ACTIVITY: Beginning with the line that includes "THCA Live Rosin Disposable - 0.5G" and ending with the last line of the entries below, set down each line exactly; include no pictures.

INPUT FOR THIS TASK:
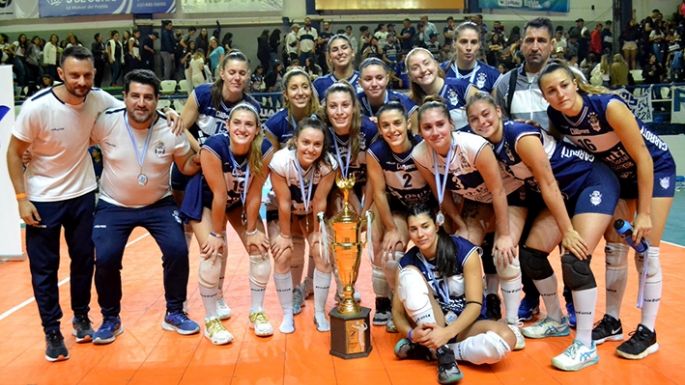 Camila Giraudo fue subcampeona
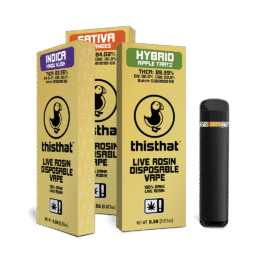 THCA Live Rosin Disposable - 0.5G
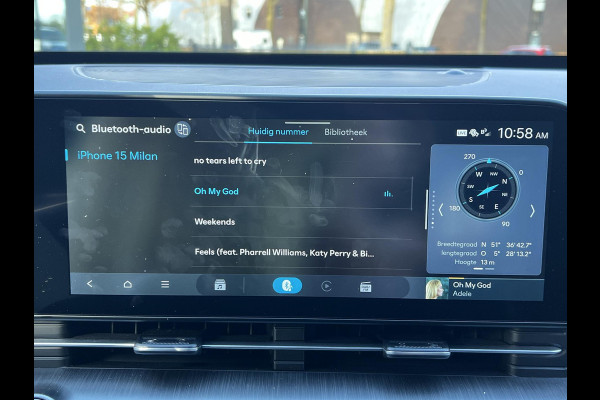 Hyundai KONA ELECTRIC Comfort Smart 65.4 kWh | Longrange | 3-Fase Lader | Warmtepomp | Dealeronderhouden | Fabrieksgarantie Hyundai tot 2029 | Elektrische Achterklep | Stoel & Stuurverwarming | Afnembare Trekhaak | Rijklaar Geleverd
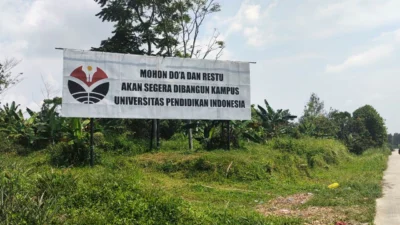 Kampus UPI di Jalancagak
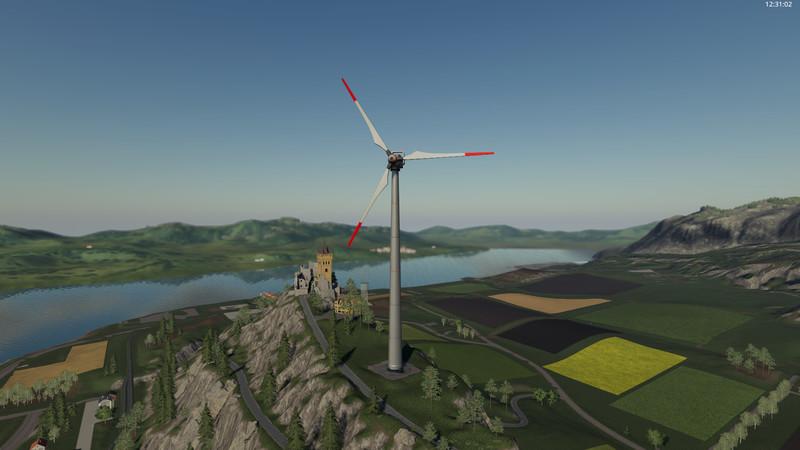 Мод Vestas Windkraftanlage v 2.0 для Farming Simulator 2019 Мод Vestas Windkraftanlage v 2.0 для Farming Simulator 2019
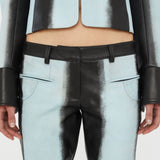 Christopher Esber - Scuffed Leather Jean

RESPONSE AREA:
 THCA Live Rosin Disposable - 0.5G
 Hyundai KONA ELECTRIC Comfort Smart 65.4 kWh | Longrange | 3-Fase Lader | Warmtepomp | Dealeronderhouden | Fabrieksgarantie Hyundai tot 2029 | Elektrische Achterklep | Stoel & Stuurverwarming | Afnembare Trekhaak | Rijklaar Geleverd
 Kampus UPI di Jalancagak
 Мод Vestas Windkraftanlage v 2.0 для Farming Simulator 2019 Мод Vestas Windkraftanlage v 2.0 для Farming Simulator 2019
 Christopher Esber - Scuffed Leather Jean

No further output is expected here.